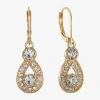 Monet Jewelry Gold Tone Womens White Pear Drop Earrings In White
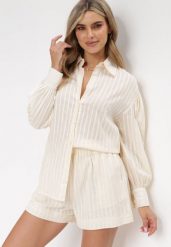 Beżowy 2-cześciowy Komplet z Szortami i Elegancką Koszulą Alesa. Brązowe koszule damskie Born2be, m, bez wzorów, eleganckie, bez kołnierzyka, bez ramiączek. Za 169.99 zł.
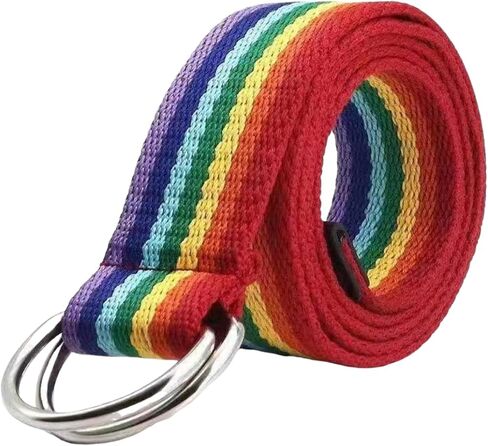 Colorful Rainbow Canvas Belt with Double Square Ring Buckle for Men Women Girls Causal Belt in Saudi Arabia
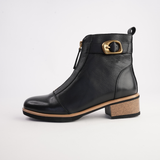 Doha Black Leather Ankle Boots - BRESLEY | Shouz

• _What is required_: Please copy the data shown above word for word, omitting the pictures.

• _Completed exercise_:
 Monet Jewelry Gold Tone Womens White Pear Drop Earrings In White
 Beżowy 2-cześciowy Komplet z Szortami i Elegancką Koszulą Alesa. Brązowe koszule damskie Born2be, m, bez wzorów, eleganckie, bez kołnierzyka, bez ramiączek. Za 169.99 zł.
 Colorful Rainbow Canvas Belt with Double Square Ring Buckle for Men Women Girls Causal Belt in Saudi Arabia
 Doha Black Leather Ankle Boots - BRESLEY | Shouz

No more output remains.